Updated demographics and safety data from patients with nonsense mutation Duchenne muscular dystrophy receiving ataluren in the STRIDE Registry

Objectives: Duchenne muscular dystrophy (DMD) is a severe neuromuscular disorder caused by a lack of functional dystrophin. Ataluren is indicated for treatment of patients with nonsense mutation (nm) DMD. Strategic Targeting of Registries and International Database of Excellence (STRIDE; NCT02369731) is an ongoing registry providing real-world data on ataluren use in patients with nmDMD. Here, we describe STRIDE population demographics and interim safety results, as of the data cut-off of January 31, 2021.

Methods: Data from enrolled patients are collected at the consent date; data for patients who initiated ataluren before enrollment are obtained retrospectively. Patients will be followed up for ≥5 years or until study withdrawal.
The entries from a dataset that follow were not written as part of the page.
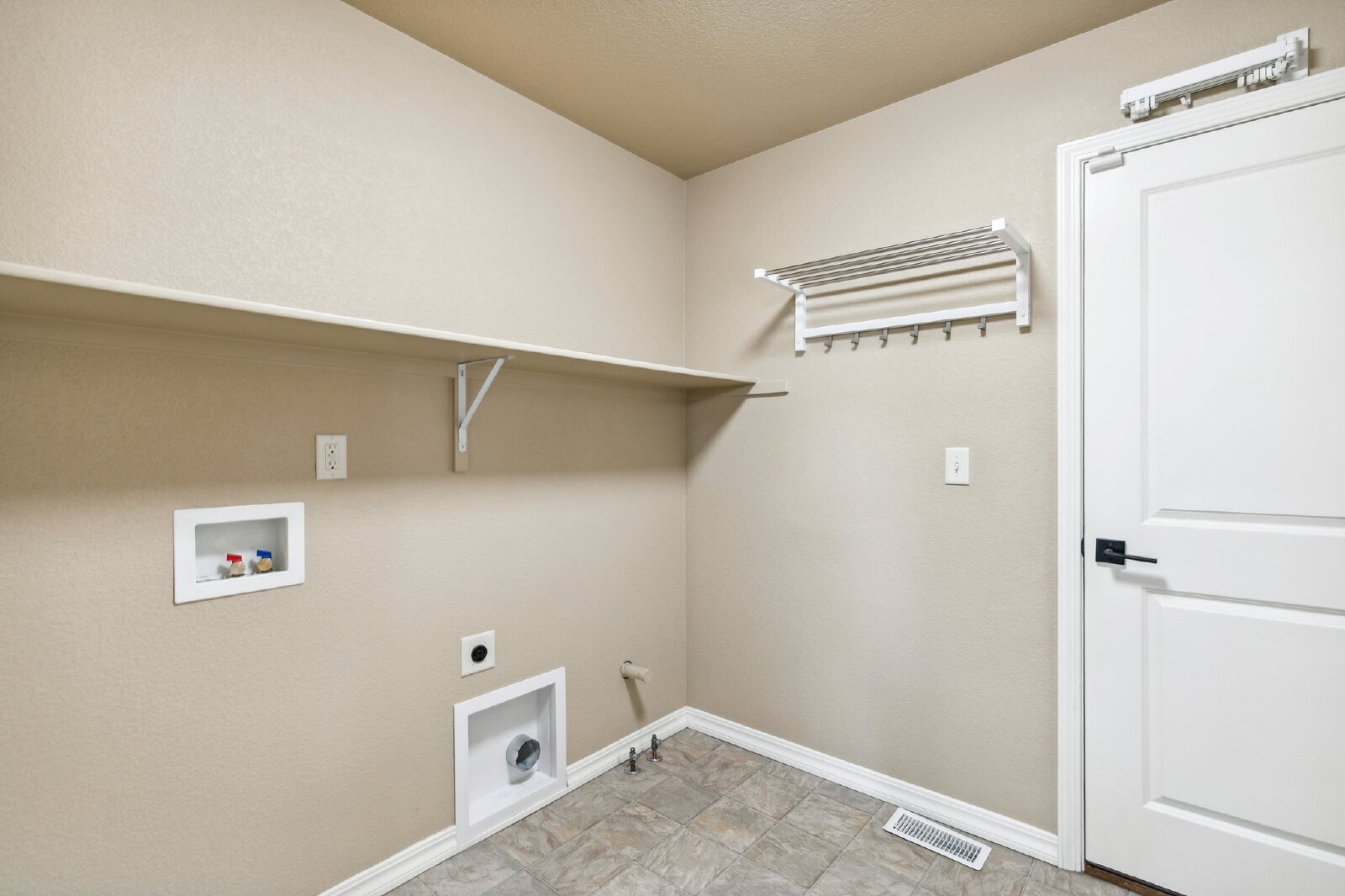 Building Photo - Stylish Cordera Ranch with Finished Baseme...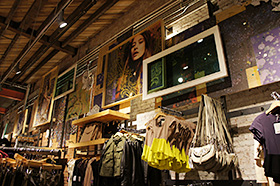 URBAN OUTFITTERS
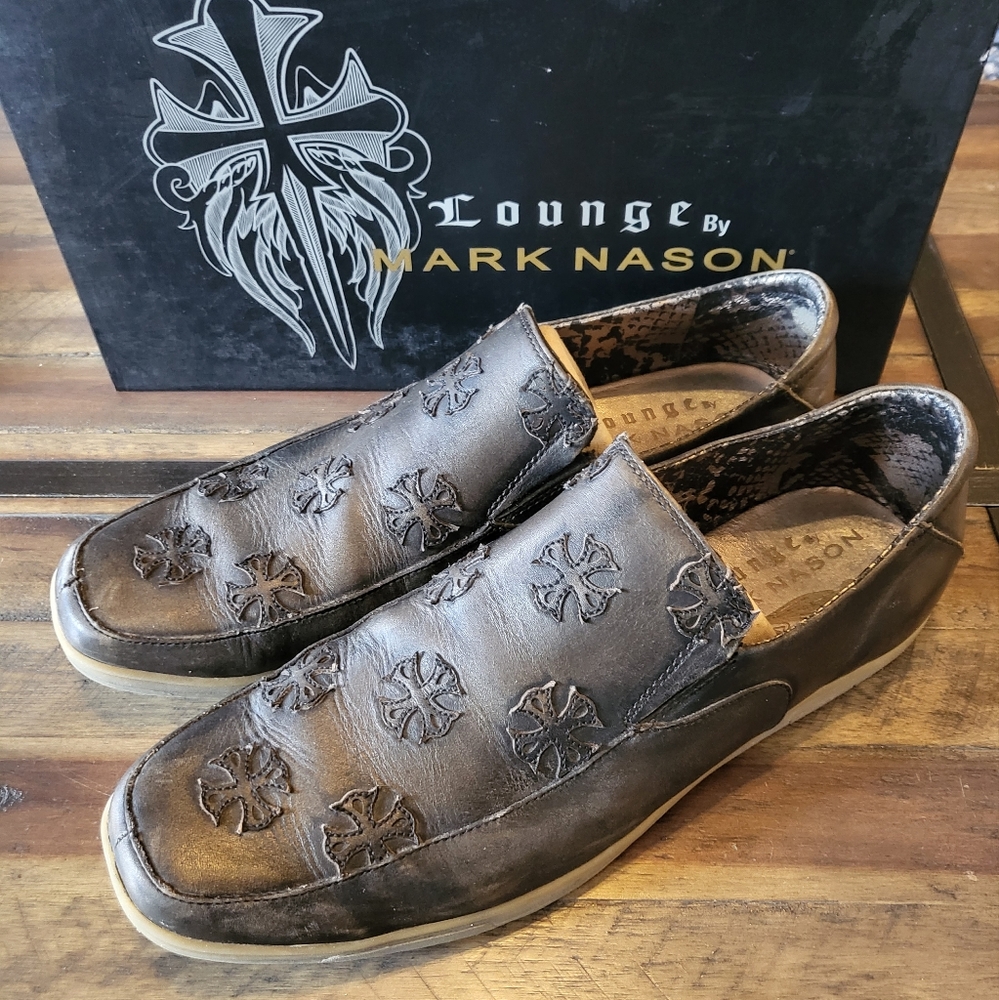Mark Nason Lounge size 13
Results: As of January 31, 2021, 286 boys had been enrolled and received at least one ataluren dose. Total mean (SD) ataluren exposure was 1352 (517) days; equivalent to 1059 patient-years. Safety outcomes were consistent with the known safety profile of ataluren. Thirty-one of the 286 boys discontinued the study. nmDMD was genetically confirmed in 269/286 boys. Most patients were Caucasian (194/269 [72.1%]); mean (SD) age at consent was 9.9 (3.8) years (n=269). Mean (SD) age at first symptoms was 2.7 (1.7) years (n=244); at nmDMD confirmation, it was 4.9 (2.7) years (n=260). Median time between first symptoms and nmDMD confirmation was 1.4 years (n=240). Most patients used concomitant corticosteroids (237/269 [88.1%]).

Conclusion: STRIDE is the first drug registry for nmDMD patients. Interim data suggest that ataluren has a favorable safety profile in routine clinical practice, consistent with that shown in clinical trials.